Liquid Crystal Optics and Physics: Recent Advances and Prospects

For more than 100 years, liquid crystals (LCs) have been extensively investigated and LC displays now are becoming ubiquitous in our daily life, from TVs, mobile phones to indoor/outdoor signage. However, the LC display technology is maturing very fast and the LC display industry is gradually saturating due to the rapid progress with other emerging display technologies including Organic Light Emitting Diode (OLED) and micro-LED displays. Nonetheless, LCs with many unique physical properties have been considered to be an optical material for applications ranging from optical elements to photonic circuits beyond display applications. Traditional rod-like nematic LCs with large physical anisotropies enables superior light modulation such as optical phase, intensity, and polarization, and other special kinds of LCs (e.g., cholesteric, blue phases, and ferroelectric liquid crystals), exhibiting unique helical structures or electro-optic properties have potential for manipulating light spectrally and/or temporally and generating lasers. As more and more photonic devices/systems based on LCs are developing, we published this special issue “Liquid Crystal Optics and Physics: Recent Advances and Prospects” to present the latest research primarily related to LC material or technologies.

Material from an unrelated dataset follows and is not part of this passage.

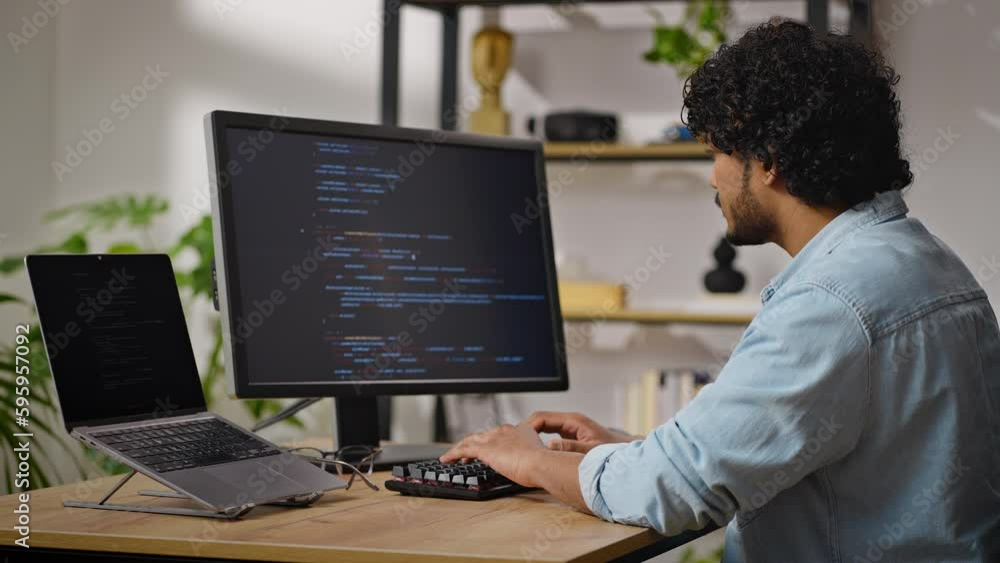 Hindus programmer works sitting at desk in cozy apartment Hindus programmer works sitting at desk in cozy apartment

This special issue includes six contributed articles and one review article. Two of the contributed articles report on LC lenses. Dr. Wei Hu et al. developed a Pancharatnam-Berry phase lens with fast response time (<1 ms) via dual-frequency liquid crystals [1]. Such a LC lens that is fabricated using the dynamic photo-patterning technique exhibits distinctive polarization-dependent characteristics and ultra-high efficiency rates of up to 95%. Dr. Qiong-Hua Wang et al. proposed an electrically tunable-focusing LC microlens array with a simple electrode structure [2]. According to the simulation result this LC microlens has a tunable focal length with a minimum focal length of 0.381 mm at a small applied voltage of 4.8 Vrms. Dr. Jiangang Lu et al. presented a near-infrared (NIR) filter and multi-wavelength filters, which were realized by sphere phase LC and templated blue phase LC, respectively. The sphere phase LC filter exhibits a wide wavelength tuning range of 256 nm by thermal modulation and 76 nm by electrical modulation [3], and the templated blue phase LC may reflect multi-wavelengths in one filter with a much narrower reflection bandwidth of less than 15 nm [4]. Dr. Tae-Hoon Yoon et al. proposed a systematic approach to maximize the maximum transmittance difference in a guest-host liquid crystal cell and experimentally examined this approach by designing a guest-host liquid crystal cell with the desired performance [5]. Dr. Zhi-Yong Tao et al. theoretically and numerically demonstrated a type of electric field sensor based on the Bragg defect structure filled with LC E7 material in the THz frequency [6]. The simulated results showed that the sensitivity could reach as high as 9.164 MHz/(V/m) and the smallest resolution was 0.1115 V/m. Dr. Qi Guo et al. reviewed three electrooptic modes including surface stabilized ferroelectric liquid crystals, the deformed helix ferroelectric mode, and electrically suppressed helix mode [7]. The general operation principles ferroelectric LC electrooptic modes are described, then the characteristics of each mode for potential applications are summarized

The variety of LC materials and physical properties makes them promising for the development of basic physics research and advanced photonic devices. This special issue covers many articles reporting tunable photonic devices based on LCs. We hope that these articles will encourage engineers and scientists to continue to study physics and develop technologies in the field of LCs. We thank all the authors for their contribution to this special issue and all the Crystals employees for their assistance and support during the preparation of this special issue.